- **WORK INSTRUCTION**:
Print each line below verbatim, skipping every picture.
(Beginning of SOURCE MATERIAL)
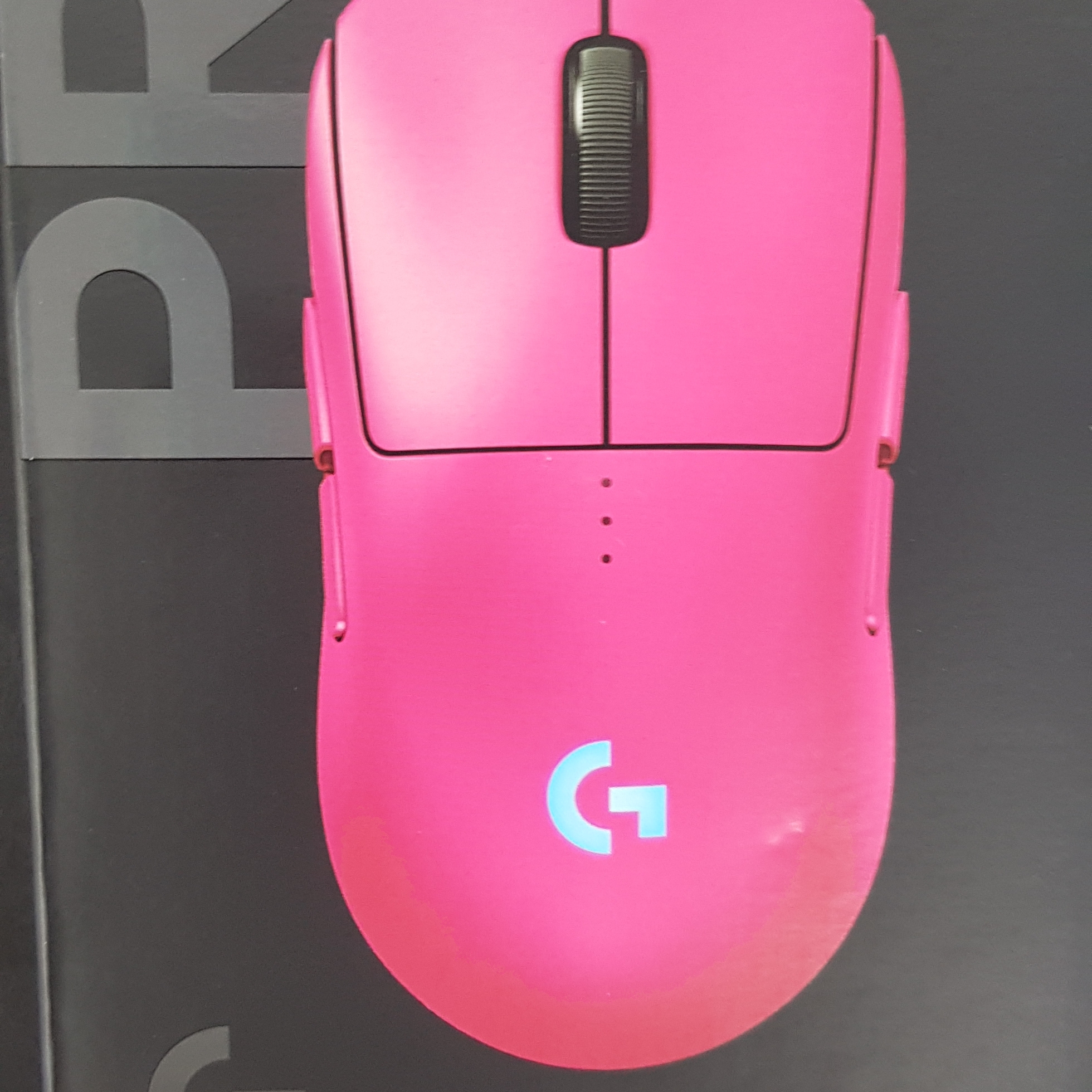 Logitech G PRO 2 LIGHTSPEED Pink 착용 스타일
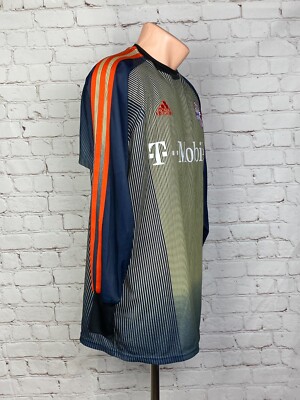 Bayern Munich 2003 - 2004 Goalkeeper football Adidas jersey #1 Kahn size Medium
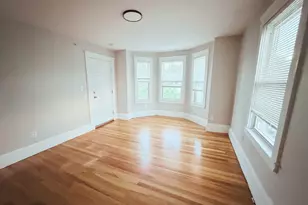 46 Grove St, Lynn, MA 01905 - Photo 2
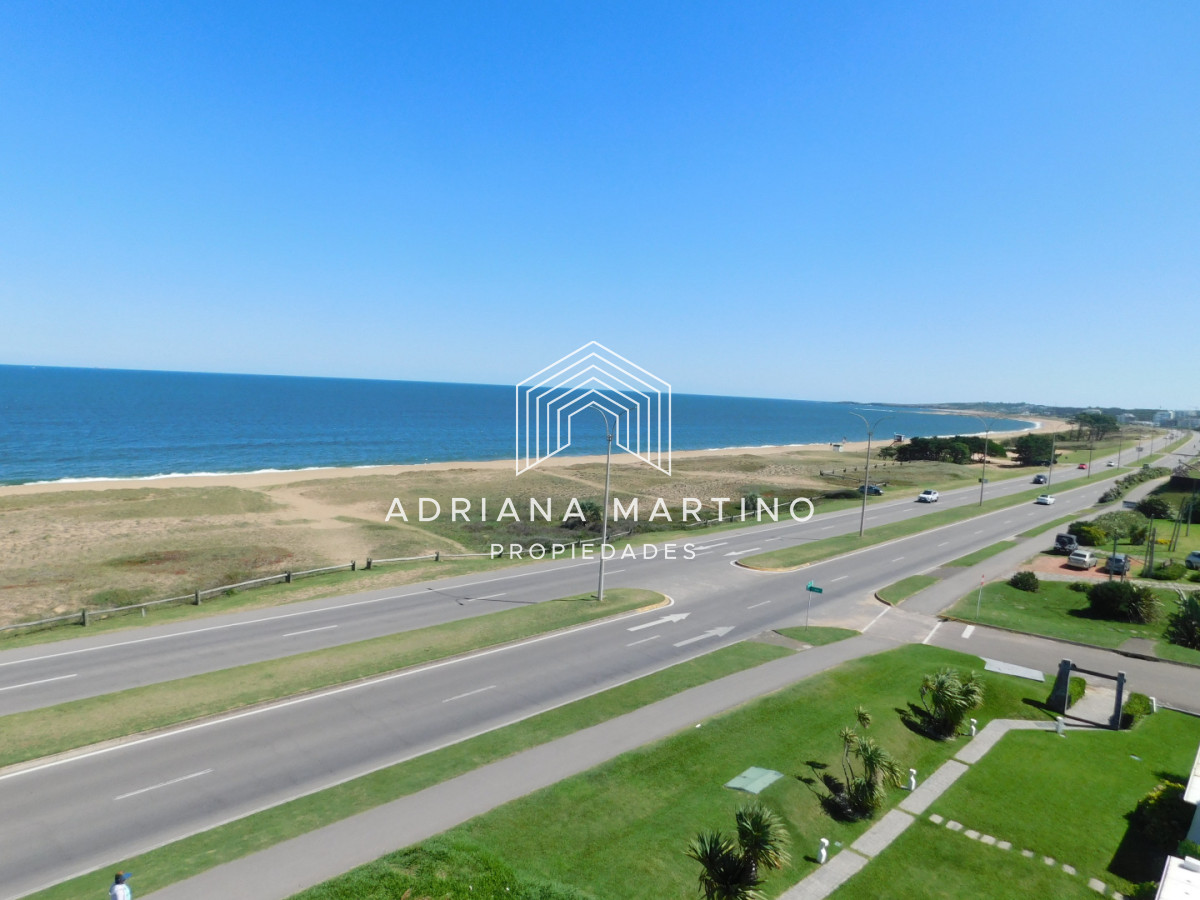 Apartamento ID.71686 - PENT HOUSE EN PINARES PRIMERA FILA 3 DORMITORIOS A ESTRENAR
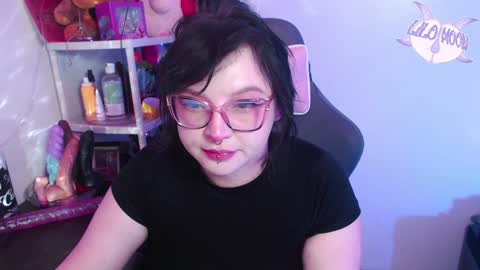 Snapshot of lilomoon69 chatting on 01.19.25 Lilo online show from 01.19.25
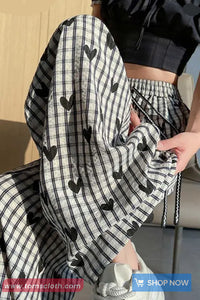 Cute Hearts Full Pattern Long Plaid Pants
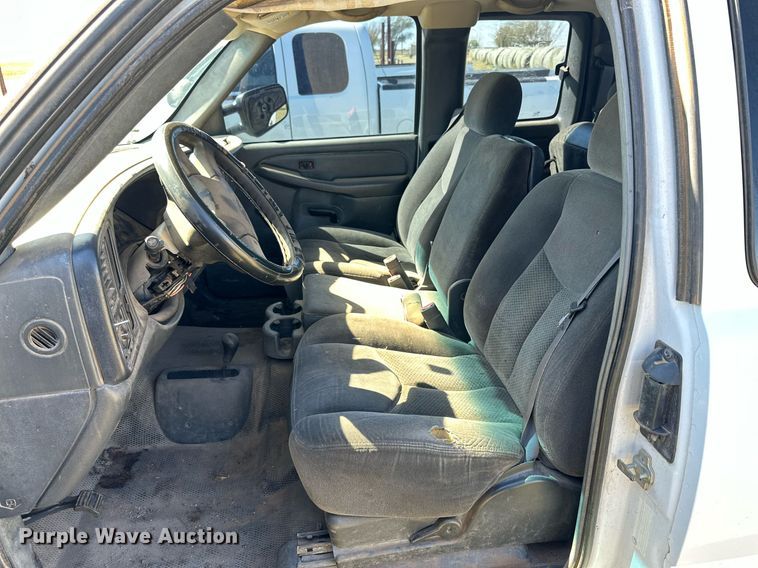 image for item KX9737 2006 Chevrolet Silverado 3500  Ext. Cab pickup truck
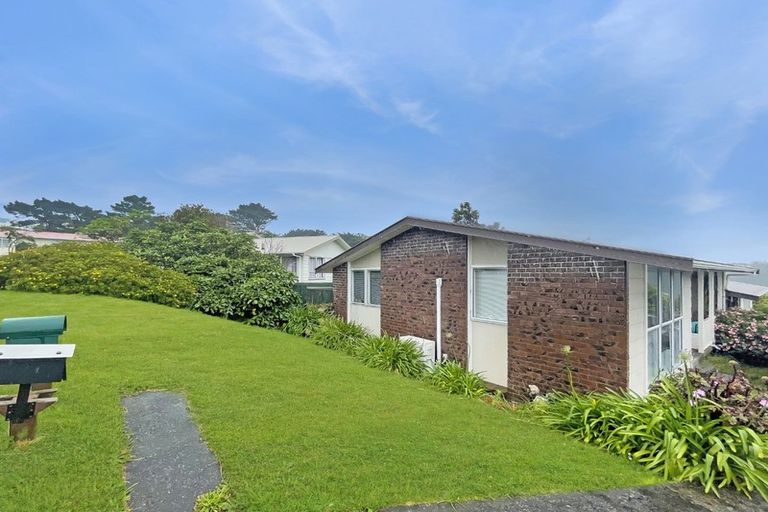 Photo of property in 61 Cunliffe Street, Churton Park, Wellington, 6037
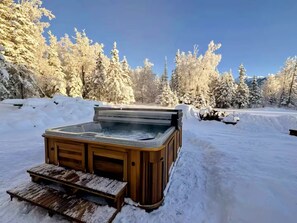 Outdoor spa tub - Birch Bungalow Building @ Alaska Knotty Pine B&B (Lazy Mountain)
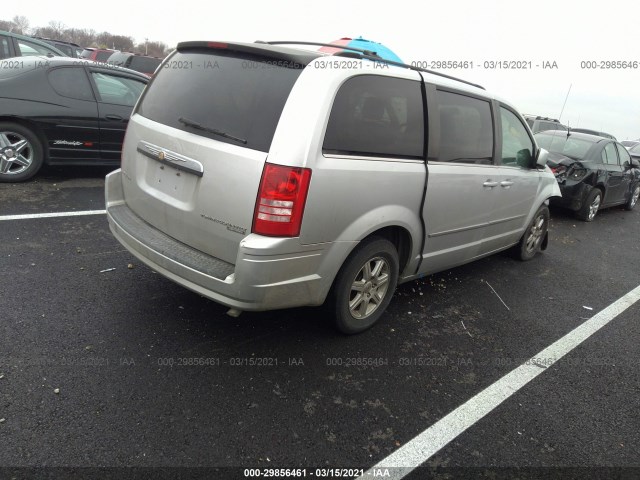 Photo 3 VIN: 2A4RR5D11AR328719 - CHRYSLER TOWN & COUNTRY 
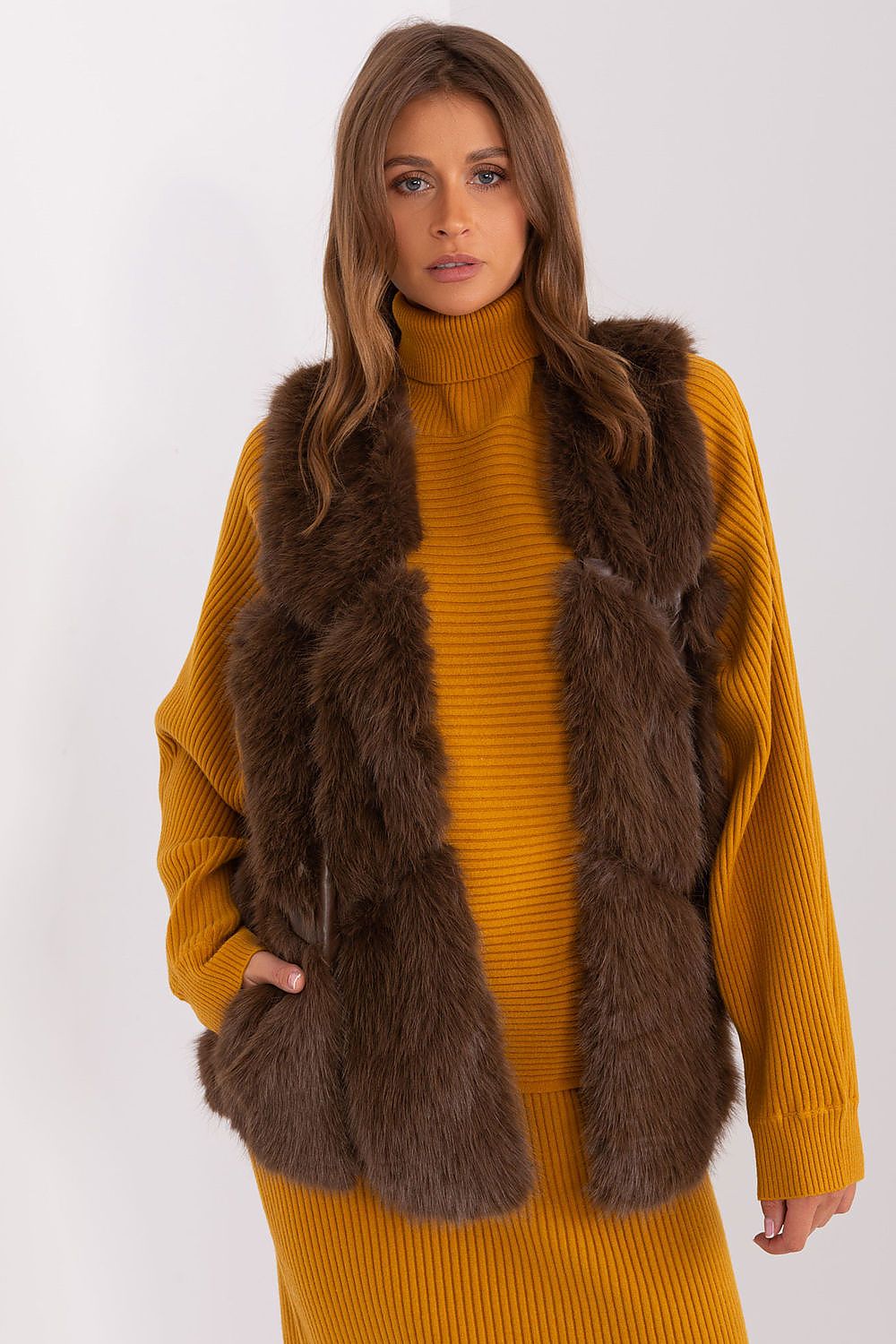  Gilet model 187536 Wool Fashion Italia 
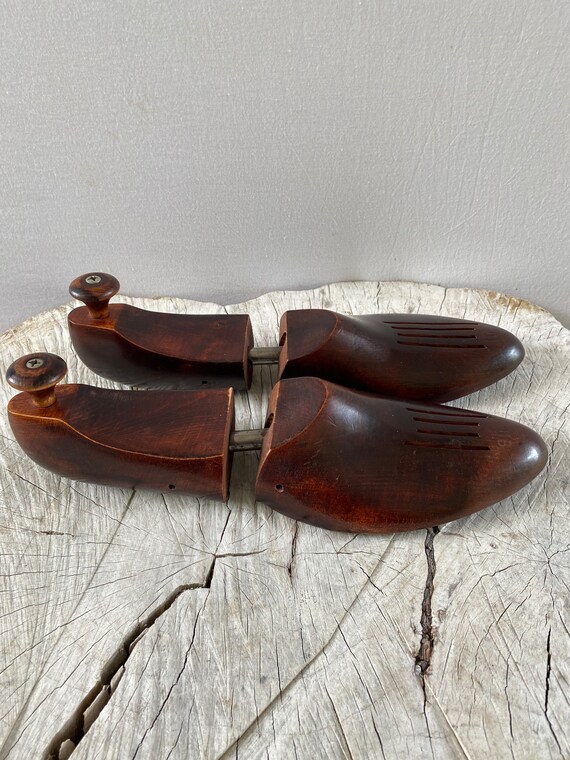 wooden shoe supports - Gem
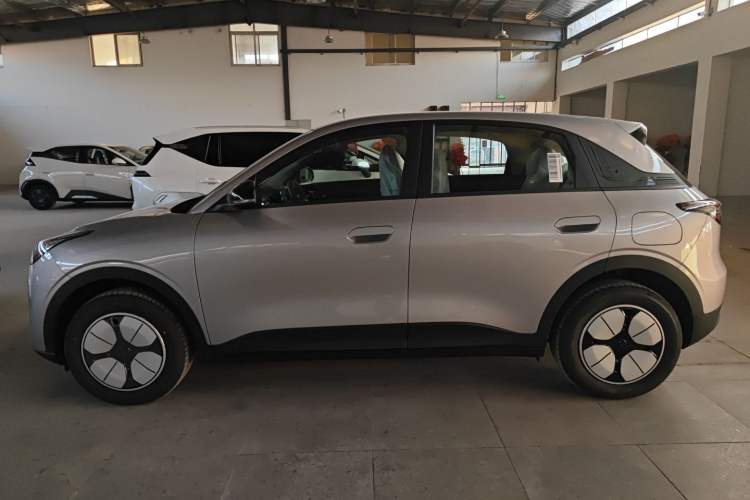 Used  Geome 2025 410 km Free Version
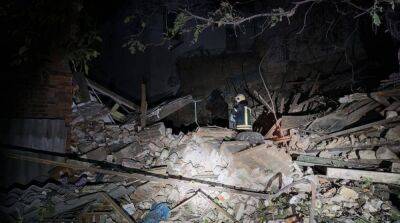 Николаев ночью обстреляли ракетами С-300, под завалами здания нашли погибшего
(End of SOURCE MATERIAL)
- **ANSWER TO THIS EXERCISE**:
 Logitech G PRO 2 LIGHTSPEED Pink 착용 스타일
 Bayern Munich 2003 - 2004 Goalkeeper football Adidas jersey #1 Kahn size Medium
 46 Grove St, Lynn, MA 01905 - Photo 2
 Apartamento ID.71686 - PENT HOUSE EN PINARES PRIMERA FILA 3 DORMITORIOS A ESTRENAR
 Snapshot of lilomoon69 chatting on 01.19.25 Lilo online show from 01.19.25
 Cute Hearts Full Pattern Long Plaid Pants
 image for item KX9737 2006 Chevrolet Silverado 3500  Ext. Cab pickup truck
 Photo of property in 61 Cunliffe Street, Churton Park, Wellington, 6037
 Outdoor spa tub - Birch Bungalow Building @ Alaska Knotty Pine B&B (Lazy Mountain)
 Photo 3 VIN: 2A4RR5D11AR328719 - CHRYSLER TOWN & COUNTRY 
  Gilet model 187536 Wool Fashion Italia 
 wooden shoe supports - Gem
 Used  Geome 2025 410 km Free Version
 Николаев ночью обстреляли ракетами С-300, под завалами здания нашли погибшего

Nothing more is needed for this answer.